聖書箇所:ルカによる福音書7章36~50節

説教要旨:
今日の聖書の箇所では、2人の人物がイエスと出会っています。
一人はファリサイ派のシモンです。彼はファリサイ派であるにもかかわらずあえてイエスを家に迎え入れました。相当の決断であります。
よほどイエスに関心をもっていたことでしょう。そのイエスへの関心は律法にあると言っていいでしょう。ファリサイ派にとって律法は命と言っていいほどのものです。しかしイエスの律法理解はかなりファリサイ派とは違ったものであったので、一度真意を確かめたかったのかも知れません。
しかしイエスの話を聞く前に、一人の罪深い女が家に入ってきます。
そして思いもかけない行動を取るのです。「イエスの足もとに近寄り、泣きながらその足を涙でぬらし始め、自分の髪の毛でぬぐい、イエスの足に接吻して香油を塗った」(38節)のです。ファリサイ派のシモンはこの女がどういう女であるか知っていました。
ですから女の行動をなすがまま受け入れているイエスを心の中で詰るのです。イエスの受け入れは容認できないのです。
シモンなら、当然女の行為を受け入れる余地はありません。罪深い女と接触することは自分もまた穢れると思っていたからです。そんなシモンに対してイエスは譬え話をもって語ります。500デナリオンの借金を負った人と50デナリオンの借金を負った人の話です。
どちらもその借金を返すことができない状態でした。しかし金貸しは二人とも借金を帳消しにしたのです。金貸しは神です。借金とは罪を言い表しています。私たちは皆神に対して借金(罪)を負ったものであります。
そしてその借金は額の大小によらず、返すことができないのが現実であるのです。
にもかかわらず帳消しにされた(罪ゆるされた)のです。
ファリサイ派シモンの考えでは、50デナリオンぐらいなら自力で返せると思われる額です。

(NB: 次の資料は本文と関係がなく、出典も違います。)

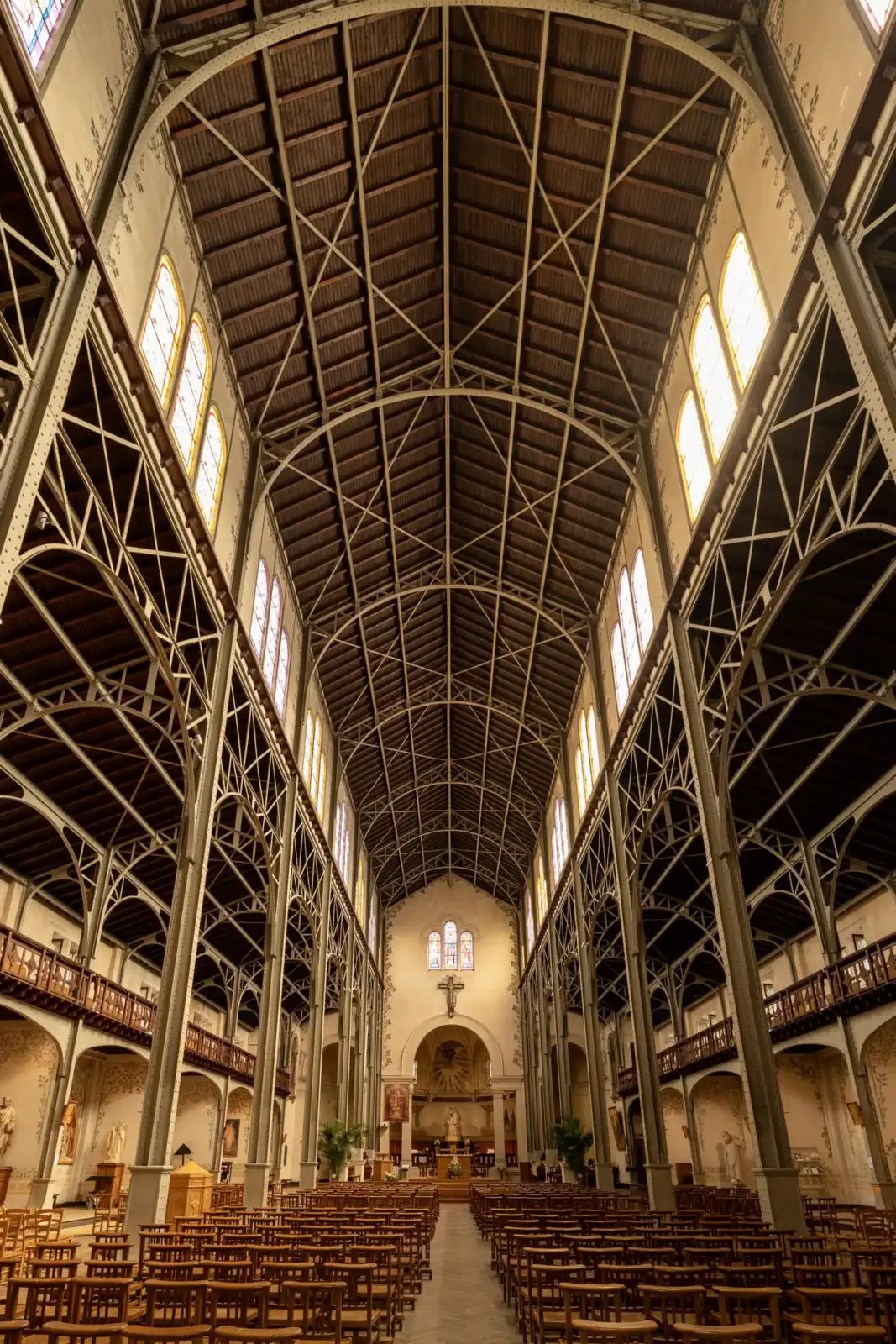 Vue intérieure de l'église Notre-Dame-du-Travail avec sa structure métallique apparente et ses rangées de bancs.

その額は自分が負っている借金であると考えたかもしれません。シモンは自分には罪がないとは思ってはいませんが、罪深い女よりはずっと少ない額の借金であると思っていたことでしょう。
女は500デナリオンもの借金を負っているのだと考えたことでしょう。
しかし50デナリオンという額の借金ですら、本来は自力で返せるようなものではないということをシモンは知るべきでありました。人間のわざで返せる額であるとのシモンの考えをイエスは打ち砕きます。50デナリオンであれ、500デナリオンであれ、神によってでしか帳消しになることはないのだとシモンは知るべきであったのです。
私たちはシモンのように少ない額の借金しか神にしていないと思うよりも、とてつもない額の借金をしている者であることを自覚することが大切です。破産状態にあると思うことです。しかし喜ぶべきかな、神はすべてゆるしてくださった。その喜びから神への限りない愛の思いが、また行動が生まれてくるのではないのでしょうか。